Heh, reading just the title, I was sure this was a humorous posting making fun of the speculation forum.

It seems op was serious Smiley

Ha, yeah I was serious (mostly). The problem is I go back and forth. Bitcoin really DOES seem like it has the potential to be revolutionary and MASSIVELY successful. And I sometimes think I'm a genius for understanding its implications earlier than most.  But then I remember that I'm not that smart. And I haven't exactly won over the friends and family I've tried to convert. ("Dude, you've got to drop the bitcoin sh*t. Seriously, I don't care.") And then I wonder if I'm not just a moron who spent several grand on "Mario money" (my wife's preferred term) that will soon be worthless.   I guess we'll find out.  Smiley

The problem is that Bitcoin, as a concept, requires a greater than average understanding of:

- Economics
- Networks
- Coding
- Cryptography
- Social science
- Market forces
- ... and I'm probably missing a few.

That is the reason most people don't get it. Most people have a somewhat basic understanding of one, two or maybe three of these, but not all.
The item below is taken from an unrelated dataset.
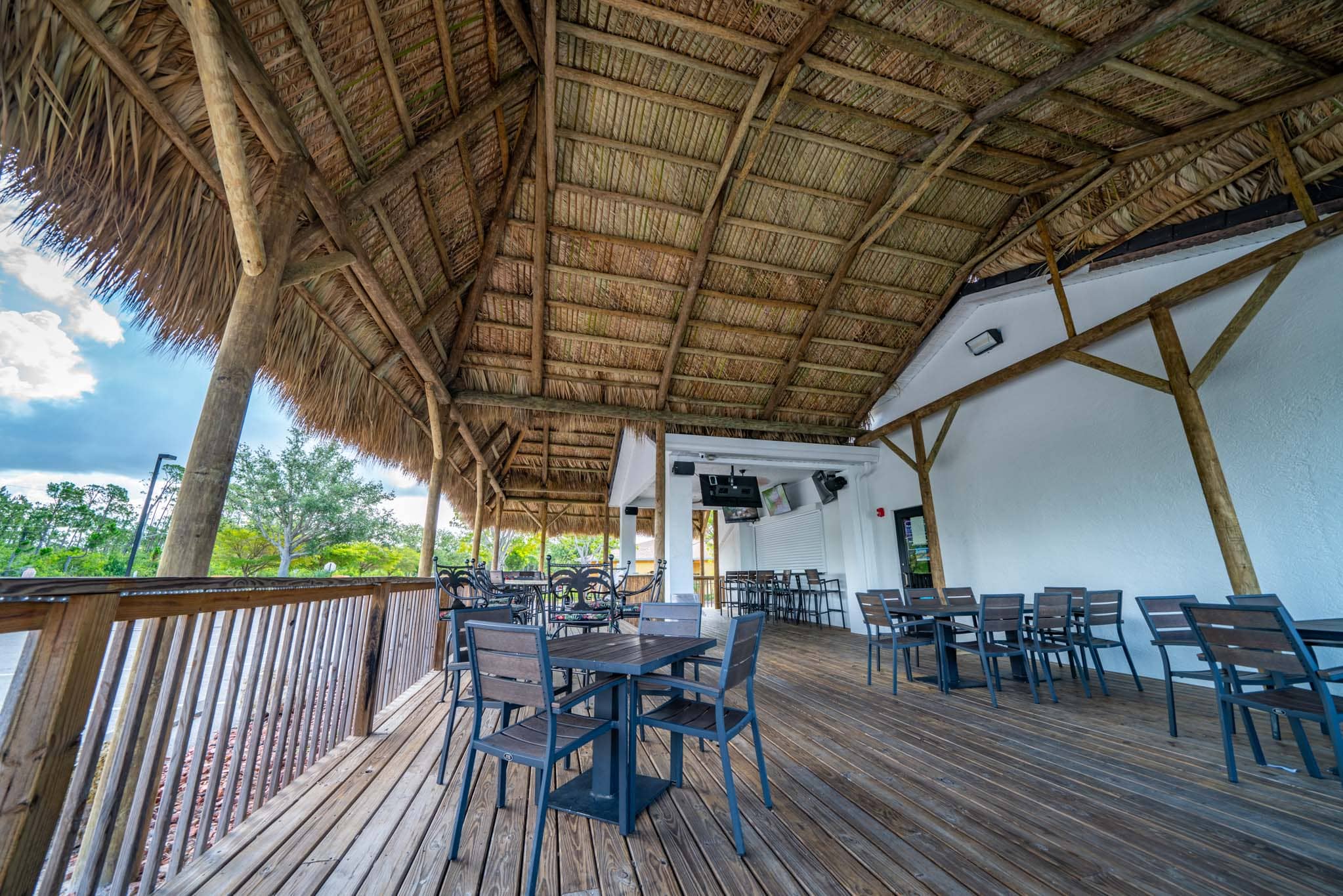 Large tiki covering a restaurant seating area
Think about what needed to be understood for the concept of email to take hold. Not now, with the ability to open a gmail account and send an email within seconds, but back when NO ONE had a computer sitting on their desk. There was computing (how to get a computer to work, how to give it DOS commands, how to set up a modem through the phone line, how to get an email across those lines, etc)... people used to prefer to pick up the phone, or send a letter through the mail. And now they don't. It isn't that their understanding of these items has magically grown, it's just that those who did understand them well made them user friendly to the point that the average Joe doesn't need to figure it out, much like he doesn't need to understand electrons in order to throw a light switch.

That's happening with Bitcoin too. Take a look at Bitinstant, Bit-Pay and a host of others... it's coming, my friend. "Real's gonna change" :-)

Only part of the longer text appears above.